3 files changed, 60 insertions, 3 deletions
diff --git a/dtrain/dtrain.cc b/dtrain/dtrain.cc
index ca5f0c5e..448e639c 100644
--- a/dtrain/dtrain.cc
+++ b/dtrain/dtrain.cc
@@ -26,6 +26,8 @@ dtrain_init(int argc, char** argv, po::variables_map* cfg)
     ("select_weights", po::value<string>()->default_value("last"), "output 'best' or 'last' weights ('VOID' to throw away)")
     ("keep_w",         po::value<bool>()->zero_tokens(),                              "protocol weights for each iteration")
     ("unit_weight_vector", po::value<bool>()->zero_tokens(),                       "Rescale weight vector after each input")
+    ("l1_reg",         po::value<string>()->default_value("no"),         "apply l1 regularization as in Tsuroka et al 2010")
+    ("l1_reg_strength", po::value<weight_t>(),                                                 "l1 regularization strength")
 #ifdef DTRAIN_LOCAL
     ("refs,r",         po::value<string>(),                                                      "references in local mode")
 #endif
@@ -155,13 +157,25 @@ main(int argc, char** argv)
 
   // init weights
   vector<weight_t>& dense_weights = decoder.CurrentWeightVector();
-  SparseVector<weight_t> lambdas;
+  SparseVector<weight_t> lambdas, cumulative_penalties;
   if (cfg.count("input_weights")) Weights::InitFromFile(cfg["input_weights"].as<string>(), &dense_weights);
   Weights::InitSparseVector(dense_weights, &lambdas);
 
   // meta params for perceptron, SVM
   weight_t eta = cfg["learning_rate"].as<weight_t>();
   weight_t gamma = cfg["gamma"].as<weight_t>();
+  // l1 regularization
+  bool l1naive = false;
+  bool l1clip = false;
+  bool l1cumul = false;
+  weight_t l1_reg = 0;
+  if (cfg["l1_reg"].as<string>() != "no") {
+    string s = cfg["l1_reg"].as<string>();
+    if (s == "naive") l1naive = true;
+    else if (s == "clip") l1clip = true;
+    else if (s == "cumul") l1cumul = true;
+    l1_reg = cfg["l1_reg_strength"].as<weight_t>();
+  }
 
   // output
   string output_fn = cfg["output"].as<string>();
@@ -388,6 +402,41 @@ main(int argc, char** argv)

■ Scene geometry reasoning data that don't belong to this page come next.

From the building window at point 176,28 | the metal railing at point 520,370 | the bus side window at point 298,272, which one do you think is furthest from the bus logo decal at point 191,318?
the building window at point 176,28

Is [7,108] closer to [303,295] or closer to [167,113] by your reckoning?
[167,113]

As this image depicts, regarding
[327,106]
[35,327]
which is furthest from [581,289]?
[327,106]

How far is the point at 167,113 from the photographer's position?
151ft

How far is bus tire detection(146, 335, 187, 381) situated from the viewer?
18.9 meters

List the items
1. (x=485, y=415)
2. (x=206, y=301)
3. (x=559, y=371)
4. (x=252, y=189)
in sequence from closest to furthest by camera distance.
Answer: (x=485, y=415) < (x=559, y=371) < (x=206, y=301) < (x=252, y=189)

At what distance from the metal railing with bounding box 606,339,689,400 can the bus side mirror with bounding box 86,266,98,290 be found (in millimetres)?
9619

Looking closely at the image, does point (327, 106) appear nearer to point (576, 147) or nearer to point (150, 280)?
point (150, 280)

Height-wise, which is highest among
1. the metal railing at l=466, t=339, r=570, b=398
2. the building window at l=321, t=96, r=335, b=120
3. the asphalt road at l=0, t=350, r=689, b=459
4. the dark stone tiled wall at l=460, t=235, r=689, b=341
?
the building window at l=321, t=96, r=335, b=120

           lambdas.plus_eq_v_times_s(lambdas, -2*gamma*eta*(1./npairs));
         }
       }
+
+      // reset cumulative_penalties after 1 iter? 

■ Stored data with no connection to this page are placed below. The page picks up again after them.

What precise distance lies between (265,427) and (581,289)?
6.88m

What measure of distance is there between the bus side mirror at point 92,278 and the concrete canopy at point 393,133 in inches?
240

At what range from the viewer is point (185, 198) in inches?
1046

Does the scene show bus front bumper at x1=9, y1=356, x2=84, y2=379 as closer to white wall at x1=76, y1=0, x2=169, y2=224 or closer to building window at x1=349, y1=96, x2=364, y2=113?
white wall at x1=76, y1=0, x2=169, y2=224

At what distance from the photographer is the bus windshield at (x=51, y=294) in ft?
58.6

+      // do this only once per INPUT (not per pair)
+      if (l1naive) {
+        for (unsigned d = 0; d < lambdas.size(); d++) {
+          weight_t v = lambdas.get(d);
+          lambdas.set_value(d, v - sign(v) * l1_reg);
+        }
+      } else if (l1clip) {
+        for (unsigned d = 0; d < lambdas.size(); d++) {
+          if (lambdas.nonzero(d)) {
+            weight_t v = lambdas.get(d);
+            if (v > 0) {
+              lambdas.set_value(d, max(0., v - l1_reg));
+            } else {
+              lambdas.set_value(d, min(0., v + l1_reg));
+            }
+          }
+        }
+      } else if (l1cumul) {
+        weight_t acc_penalty = (ii+1) * l1_reg; // ii is the index of the current input 
+        for (unsigned d = 0; d < lambdas.size(); d++) {
+          if (lambdas.nonzero(d)) {
+            weight_t v = lambdas.get(d);
+            weight_t penalty = 0;
+            if (v > 0) {
+              penalty = max(0., v-(acc_penalty + cumulative_penalties.get(d)));
+            } else {
+              penalty = min(0., v+(acc_penalty - cumulative_penalties.get(d)));
+            }
+            lambdas.set_value(d, penalty);
+            cumulative_penalties.set_value(d, cumulative_penalties.get(d)+penalty);
+          }
+        }
+      }
     }
 
     if (unit_weight_vector && sample_from == "forest") lambdas /= lambdas.l2norm();
diff --git a/dtrain/dtrain.h b/dtrain/dtrain.h
index 84f3f1f5..cfc3f460 100644
--- a/dtrain/dtrain.h
+++ b/dtrain/dtrain.h
@@ -85,5 +85,11 @@ inline void printWordIDVec(vector<WordID>& v)
   }
 }
 
+template<typename T>
+inline T sign(T z) {
+  if (z == 0) return 0;
+  return z < 0 ? -1 : +1;
+}
+
 #endif
 
diff --git a/dtrain/test/example/dtrain.ini b/dtrain/test/example/dtrain.ini
index 95eeb8e5..900878a5 100644
--- a/dtrain/test/example/dtrain.ini
+++ b/dtrain/test/example/dtrain.ini
@@ -6,11 +6,13 @@ epochs=20
 input=test/example/nc-1k-tabs.gz
 scorer=stupid_bleu
 output=weights.gz
-stop_after=10
+stop_after=100
 sample_from=forest
 pair_sampling=108010
 select_weights=VOID
 print_weights=Glue WordPenalty LanguageModel LanguageModel_OOV PhraseModel_0 PhraseModel_1 PhraseModel_2 PhraseModel_3 PhraseModel_4 PassThrough
 tmp=/tmp
-unit_weight_vector=true
+#unit_weight_vector=
 keep_w=true
+#l1_reg=clip
+#l1_reg_strength=0.00001